Chronology: William Colgate
1783: Born.
1795: Came to the U.S.
1806: Founded William Colgate & Company.
1811: Married wife Mary Gilbert.
1817: Became New York's leading soapmaker.
1817: First Colgate ad appeared in a New York newspaper.
1838: Renamed business Colgate & Company.
1845: Constructed largest soap–boiling pan in existence.
1847: Moved operations to a plant in New Jersey.
1857: Died.
Over the next four years Colgate's company was steadily producing better quality soap that was
affordable, and by 1817, he had grown to become the leading soapmaker in New York as well as
a viable competitor abroad. His first advertisement ran that year in a New York newspaper
offering "Soap, Mould & Dipt Candles." In 1820 he began manufacturing starch with his
brother–in–law John Gilbert. For a time, he had the one of the country's largest starch factories
before he later abandoned starch making altogether. Colgate then hit on a way to broaden his
market and improve sales: scented soaps. The scented products Colgate formulated caught on
and prompted the 1845 creation of what was dubbed "Colgate's Folly," a 43,000–pound capacity
soap–boiling pan which several guessed to be the largest of its kind. Critics thought the
construction of the pan would sink the company, but by 1847 Colgate was expanding his
business even further by moving his company to a bigger, better–equipped plant in Jersey City,
New Jersey, and formulating a line of premium hand soaps in 1850. His son Samuel also joined
the company, which was renamed Colgate & Co. He remained a vital part of his company until
1856 and died in New York City on March 25, 1857.

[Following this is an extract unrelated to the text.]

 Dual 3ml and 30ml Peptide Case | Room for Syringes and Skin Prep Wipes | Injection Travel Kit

Colgate, who has been described as an exceptionally good–natured, generous, and honest man,
enjoyed a prosperous business during his entire career with Colgate & Co., which continued even
after his death as the business continued to be successfully guided by his sons. Six years after
Colgate's death, the company began manufacturing Cashmere Bouquet, the first milled perfume
toilet soap to be registered as a trademark. In 1873 the company produced its first toothpaste,
which was sold in jars. They revolutionized the product in 1896, when they introduced
toothpaste packaged in a collapsible tube, much like modern toothpaste.

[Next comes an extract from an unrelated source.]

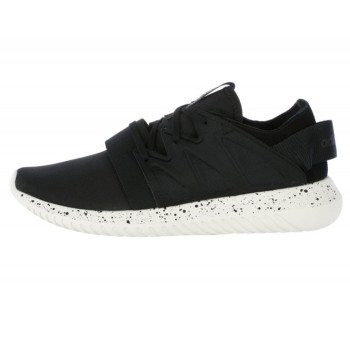 Adidas - Baskets en Velours de Cuir & Mesh Tubular Viral noir/blanc - 04 -3774080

Colgate rival B. J. Johnson Soap Company, founded in 1864 and located in Milwaukee,
Wisconsin, was about to become part of Colgate's destiny. In 1898 the company debuted
Palmolive soap, a product that was selling so well, that B. J. Johnson decided to rename the
company the Palmolive Company in 1916. The company merged with Palmolive–Peet Company
in 1928 to become Colgate–Palmolive Company, which it remains to this day.

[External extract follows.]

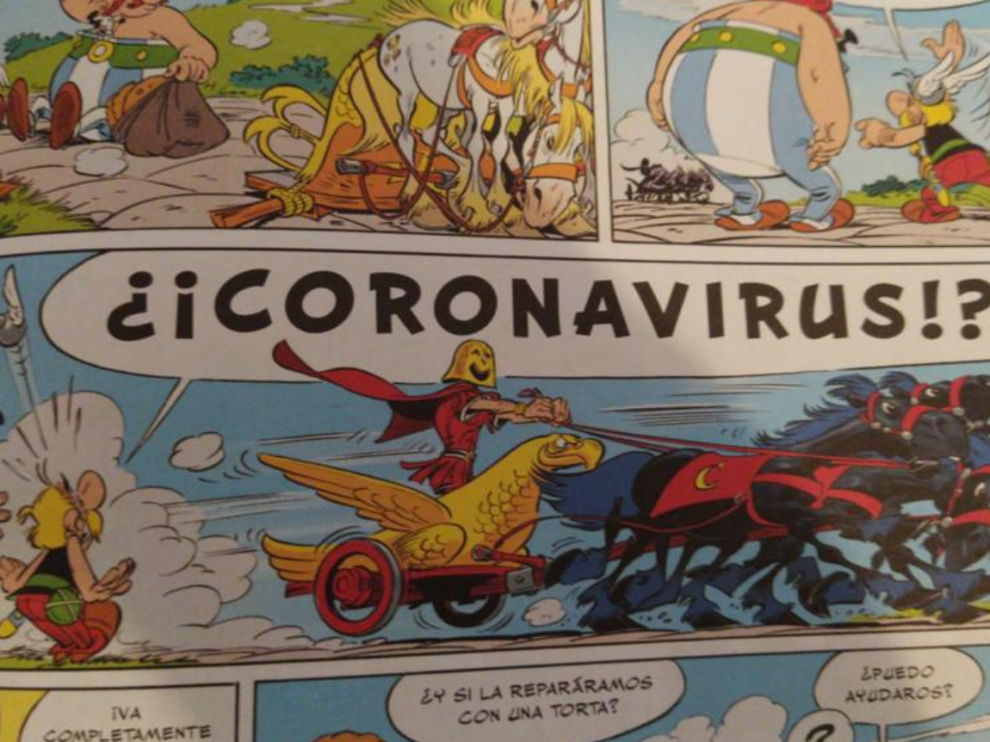 Asterix y Obélix contra Coronavirus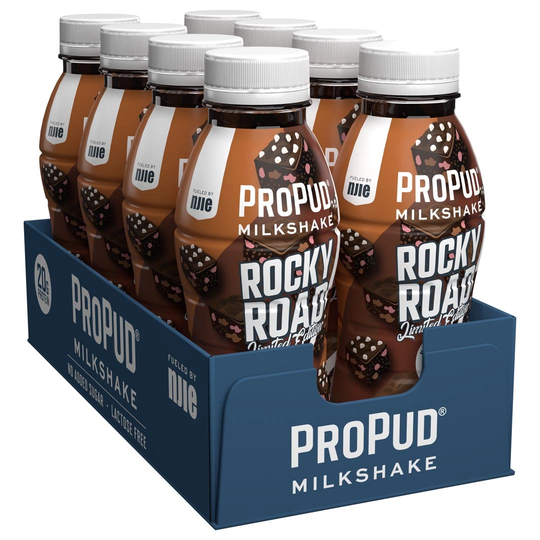 8 X Njie Propud Protein Milkshake 330 Ml Rocky Road Ltd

By its 100th anniversary, Colgate & Co. offered more than 3,000 different soaps, dental care
products, 625 varieties of perfumes, and related products. In 1906 the company launched a plant
expansion at its Jersey City site, and a new eight–story factory was opened on the site. A few
years later, in 1910, the entire Colgate operation moved from the original site on Dutch and John
streets into Jersey City. The first renowned Colgate clock was installed in 1908 on the roof of
one of Colgate's factories in Jersey City. It was 37 feet in diameter and spanned an area of 1,104
square feet. The original Colgate clock, which became a landmark on the New Jersey
Waterfront, was moved in 1924 to a new Colgate factory in Jeffersonville, Indiana, and replaced
with another, larger clock. The new octagon shaped clock measured 1,963.5 square feet with a
25–foot–10–inch–long minute hand and a 20–foot–long hour hand. The timepiece is still one of
the largest single–faced clocks in the world.
All three of Colgate's sons followed their father's path of success, albeit in different areas. His
son Samuel continued running the family business and vastly expanded it during his period of
leadership. His son Robert went on to head the Atlantic White Lead Works in Brooklyn, New
York, and his son James Boorman founded the banking firm of J. B. Colgate & Co. on Wall
Street in New York City.
Sources of Information
Bibliography
American Business Leaders From Colonial Times to the Present. ABC–CLIO, 1999.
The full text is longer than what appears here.